AI-powered tooling: blackhatpakistan's describing of synthetic correspondence
Underground posts reviewed by Flare indicate attackers are increasingly using AI to raise the quality and scale of BEC. A user named blackhatpakistan described AI-generated business correspondence that mimics executive and employee writing styles, creates context-aware payment requests, and produces thousands of unique email variations. Flare notes dedicated underground tools are promoted to generate entire email conversation chains, enabling attackers to hijack existing discussions and inject fraudulent payment requests with higher authenticity.
Cash-out: the real bottleneck (neoresu and Capita)
Across the sampled posts, monetization — not initial access — emerges as the hardest part. Flare reports that cash-out requires finding a reliable, operational, and “clean” receiving bank account or working with mule networks and cash-out services. A participant named neoresu stressed that the person who validates payments needs special care and offered services while discussing the use of call centers. Another actor, Capita, described six years of BEC activity in Europe (noting Germany, Finland, and Austria) and cited peer-to-peer money movement alongside call-center pressure as cash-out techniques. Forum threads also include explicit recruitment of money mules for business bank accounts and fast transfers.

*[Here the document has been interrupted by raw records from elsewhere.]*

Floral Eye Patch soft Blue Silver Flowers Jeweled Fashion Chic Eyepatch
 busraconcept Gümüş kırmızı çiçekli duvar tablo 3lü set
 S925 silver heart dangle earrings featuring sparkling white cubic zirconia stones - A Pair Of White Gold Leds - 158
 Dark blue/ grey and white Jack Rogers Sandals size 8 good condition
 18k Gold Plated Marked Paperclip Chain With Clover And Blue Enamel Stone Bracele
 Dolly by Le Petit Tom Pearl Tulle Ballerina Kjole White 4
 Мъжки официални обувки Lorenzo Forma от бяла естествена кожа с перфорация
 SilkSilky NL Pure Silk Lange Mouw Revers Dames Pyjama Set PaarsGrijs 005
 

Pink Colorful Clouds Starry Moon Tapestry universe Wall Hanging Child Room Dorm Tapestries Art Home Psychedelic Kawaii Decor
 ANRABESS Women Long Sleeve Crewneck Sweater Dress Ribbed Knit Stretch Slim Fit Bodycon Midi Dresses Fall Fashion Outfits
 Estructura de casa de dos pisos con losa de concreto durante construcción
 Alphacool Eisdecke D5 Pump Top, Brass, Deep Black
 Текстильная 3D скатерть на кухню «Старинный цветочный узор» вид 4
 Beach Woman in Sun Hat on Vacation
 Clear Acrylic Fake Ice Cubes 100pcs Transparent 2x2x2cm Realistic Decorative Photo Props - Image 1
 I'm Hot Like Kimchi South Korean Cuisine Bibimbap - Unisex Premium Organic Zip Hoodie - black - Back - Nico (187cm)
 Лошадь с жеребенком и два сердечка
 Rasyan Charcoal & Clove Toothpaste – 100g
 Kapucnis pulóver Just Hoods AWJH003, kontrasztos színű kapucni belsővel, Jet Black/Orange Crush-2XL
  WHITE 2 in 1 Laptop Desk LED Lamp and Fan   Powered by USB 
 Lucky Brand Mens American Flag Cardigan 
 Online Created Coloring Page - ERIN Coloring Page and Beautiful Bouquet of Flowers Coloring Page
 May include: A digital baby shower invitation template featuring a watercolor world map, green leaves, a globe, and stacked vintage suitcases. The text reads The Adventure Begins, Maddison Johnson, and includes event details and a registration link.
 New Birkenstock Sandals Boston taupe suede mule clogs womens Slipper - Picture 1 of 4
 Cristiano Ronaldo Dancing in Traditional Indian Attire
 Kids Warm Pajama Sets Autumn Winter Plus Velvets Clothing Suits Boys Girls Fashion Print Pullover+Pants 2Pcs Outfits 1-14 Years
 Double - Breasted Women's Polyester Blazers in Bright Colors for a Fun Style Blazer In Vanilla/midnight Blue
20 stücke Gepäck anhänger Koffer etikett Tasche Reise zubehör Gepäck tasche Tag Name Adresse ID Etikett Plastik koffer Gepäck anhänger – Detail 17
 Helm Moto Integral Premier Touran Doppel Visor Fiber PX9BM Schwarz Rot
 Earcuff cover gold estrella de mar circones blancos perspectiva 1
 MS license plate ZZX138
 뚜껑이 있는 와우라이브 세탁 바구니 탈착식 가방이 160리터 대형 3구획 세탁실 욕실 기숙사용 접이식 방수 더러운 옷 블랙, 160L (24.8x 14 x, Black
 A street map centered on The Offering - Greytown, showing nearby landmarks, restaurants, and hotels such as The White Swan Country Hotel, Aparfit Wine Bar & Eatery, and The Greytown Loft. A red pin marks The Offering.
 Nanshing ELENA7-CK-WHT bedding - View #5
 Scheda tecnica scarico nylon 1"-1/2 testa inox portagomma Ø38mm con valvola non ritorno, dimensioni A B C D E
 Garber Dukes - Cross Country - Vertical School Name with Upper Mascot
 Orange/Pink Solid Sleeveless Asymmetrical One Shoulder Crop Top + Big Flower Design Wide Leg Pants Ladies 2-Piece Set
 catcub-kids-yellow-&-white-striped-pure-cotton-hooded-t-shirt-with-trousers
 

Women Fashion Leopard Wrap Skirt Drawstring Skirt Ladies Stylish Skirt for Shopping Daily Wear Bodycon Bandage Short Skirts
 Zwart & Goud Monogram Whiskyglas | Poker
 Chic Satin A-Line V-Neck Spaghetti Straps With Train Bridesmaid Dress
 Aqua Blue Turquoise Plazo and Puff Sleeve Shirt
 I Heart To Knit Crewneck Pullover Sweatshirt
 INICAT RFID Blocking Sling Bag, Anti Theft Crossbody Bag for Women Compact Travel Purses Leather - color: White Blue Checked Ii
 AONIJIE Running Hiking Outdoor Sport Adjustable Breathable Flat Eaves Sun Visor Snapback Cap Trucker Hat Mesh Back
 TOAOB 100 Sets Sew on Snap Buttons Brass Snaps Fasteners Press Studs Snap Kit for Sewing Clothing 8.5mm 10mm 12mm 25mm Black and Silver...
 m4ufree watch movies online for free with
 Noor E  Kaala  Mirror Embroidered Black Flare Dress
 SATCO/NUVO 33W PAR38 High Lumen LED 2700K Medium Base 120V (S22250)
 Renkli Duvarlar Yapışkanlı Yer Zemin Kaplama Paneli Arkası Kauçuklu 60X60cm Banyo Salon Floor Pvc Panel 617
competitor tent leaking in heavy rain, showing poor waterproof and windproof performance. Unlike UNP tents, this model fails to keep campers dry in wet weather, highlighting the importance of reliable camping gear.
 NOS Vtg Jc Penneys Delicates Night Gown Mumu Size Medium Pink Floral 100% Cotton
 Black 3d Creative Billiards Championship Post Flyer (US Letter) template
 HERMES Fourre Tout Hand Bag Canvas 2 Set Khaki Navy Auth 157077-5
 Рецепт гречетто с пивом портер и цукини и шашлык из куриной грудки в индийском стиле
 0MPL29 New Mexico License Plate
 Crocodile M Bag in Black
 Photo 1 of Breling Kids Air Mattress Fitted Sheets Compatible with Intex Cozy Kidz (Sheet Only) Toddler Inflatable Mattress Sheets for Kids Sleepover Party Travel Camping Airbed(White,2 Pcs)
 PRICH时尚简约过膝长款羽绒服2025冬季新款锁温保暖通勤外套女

Call centers: follow-up calls as a force multiplier
Flare highlights that BEC is often multi-channel. In the Bigjack thread, actors asked when to call after sending a fraudulent invoice, and at least one participant claimed to operate a call center used to press targets into faster payments. The report warns defenders that a follow-up call — a separate channel introduced or controlled by the attacker — should not be treated as independent proof of authenticity.
Flare's practical advice: detect underground signals and harden access
Flare offers specific defensive measures tied to the signals it monitors. Defenders should prioritize protection for leadership, finance, and procurement personnel because threat actors explicitly target those accounts to learn accounts receivable and payable, payrolls, invoices, overdue payments, and customer payment relationships. The report urges organizations to identify AI-generated content and deep-fake artifacts, and to educate employees about call-center pressure techniques and timing cues attackers exploit (such as approvers on vacation).
Operationally, Flare says its monitoring of deep and dark web sources for exposed employee credentials, corporate domains, login portals, SaaS applications, and related indicators enables teams to detect when access points appear in credential collections or search-service advertisements. When exposures are detected, Flare recommends immediate mitigations such as password resets, session revocation, multifactor authentication enforcement, and investigation of possible account misuse.
What this means for corporate leadership, financial teams, and security teams
- Corporate leadership: attackers are specifically interested in leadership and financial employees; extra scrutiny and tailored training are recommended for those roles.
- Financial teams and procurement: because actors map procurement processes, these teams should validate unusual timing, payment destinations, and last-minute changes — and treat new call channels with skepticism.
- Security teams: monitoring for exposed credentials, SaaS account compromises (the report names O365 as an example of targeted SaaS), and indicators on underground forums can provide early warning before fraudulent invoices are sent.
Flare's underground sweep reframes BEC as an organized, multi-step criminal business that combines mailbox compromise, social engineering, synthetic content, telephone pressure, and complex cash-out networks. The reporting leaves a clear operational mandate: detect exposures far upstream, harden the accounts attackers prize, and do not accept a phone call as independent verification when the call itself may be part of the attack.